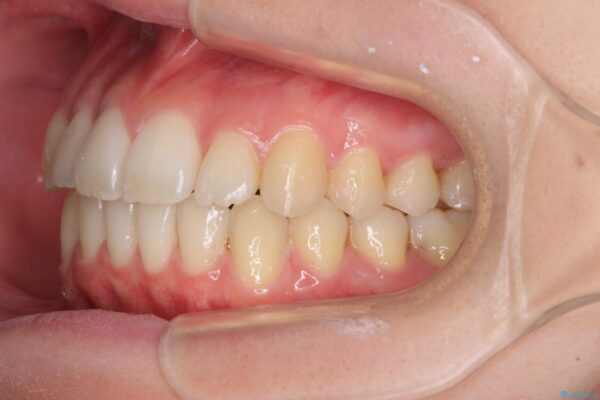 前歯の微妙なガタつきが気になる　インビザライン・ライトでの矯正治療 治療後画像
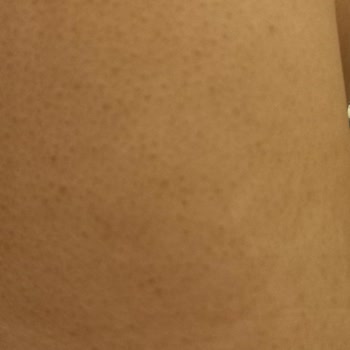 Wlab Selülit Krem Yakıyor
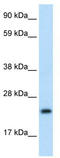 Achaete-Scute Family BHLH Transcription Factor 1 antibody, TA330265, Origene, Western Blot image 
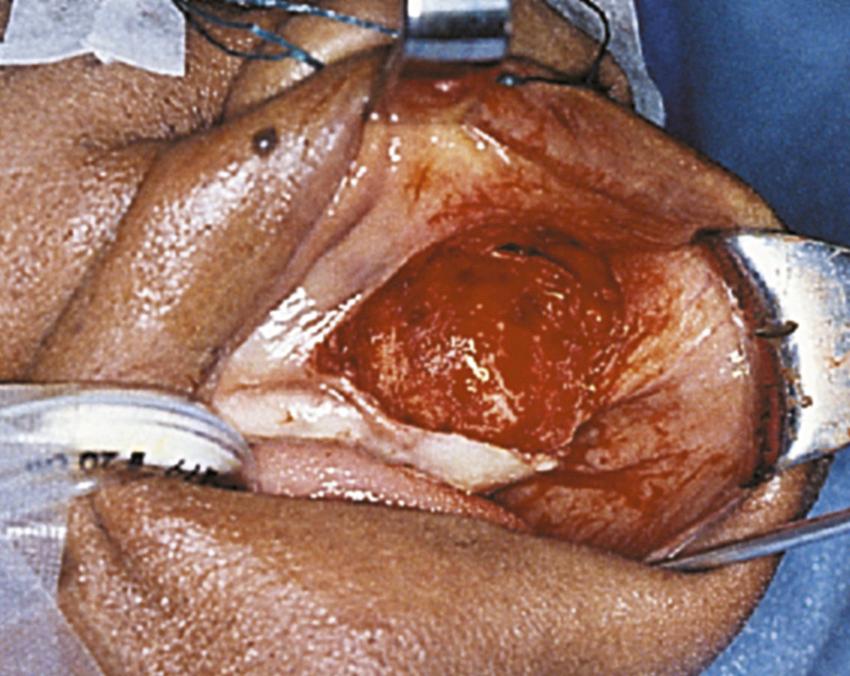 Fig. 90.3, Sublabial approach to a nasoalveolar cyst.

--

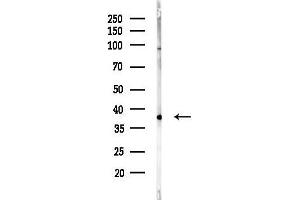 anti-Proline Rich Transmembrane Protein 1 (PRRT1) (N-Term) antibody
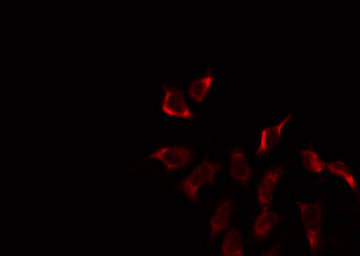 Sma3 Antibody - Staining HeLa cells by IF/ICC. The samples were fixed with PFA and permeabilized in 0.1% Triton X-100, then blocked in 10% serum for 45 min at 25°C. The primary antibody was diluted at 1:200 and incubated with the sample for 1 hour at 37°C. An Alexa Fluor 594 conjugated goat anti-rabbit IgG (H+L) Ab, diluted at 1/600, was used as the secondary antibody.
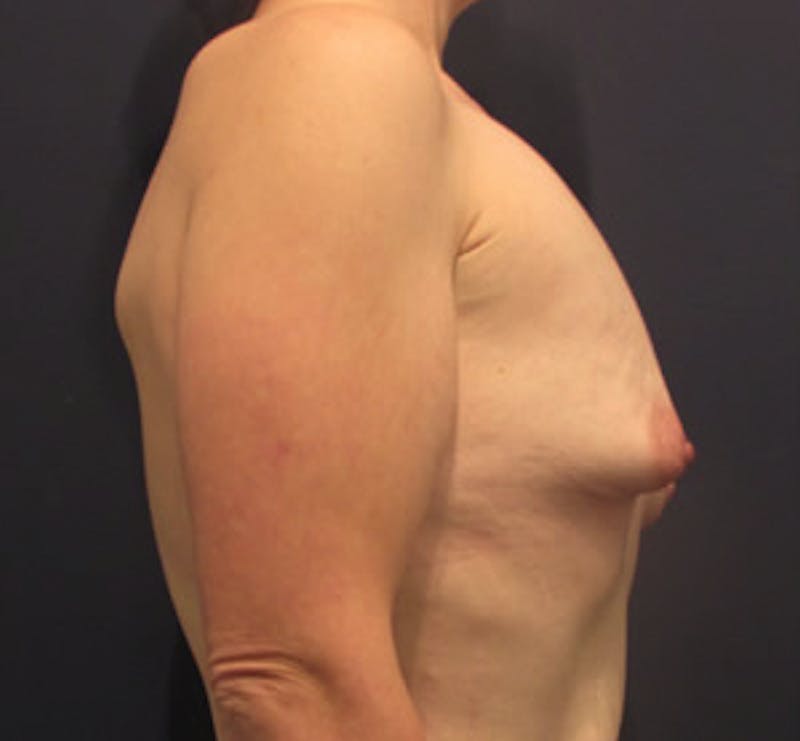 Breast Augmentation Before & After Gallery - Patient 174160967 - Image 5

EXERCISE PROMPT = Write out exactly the lines above between the one with "Achaete-Scute Family BHLH" and the one with "Fig. 90.3, Sublabial", inclusive, with pictures left out.

EXPECTED ANSWER =
 Achaete-Scute Family BHLH Transcription Factor 1 antibody, TA330265, Origene, Western Blot image 
 Fig. 90.3, Sublabial approach to a nasoalveolar cyst.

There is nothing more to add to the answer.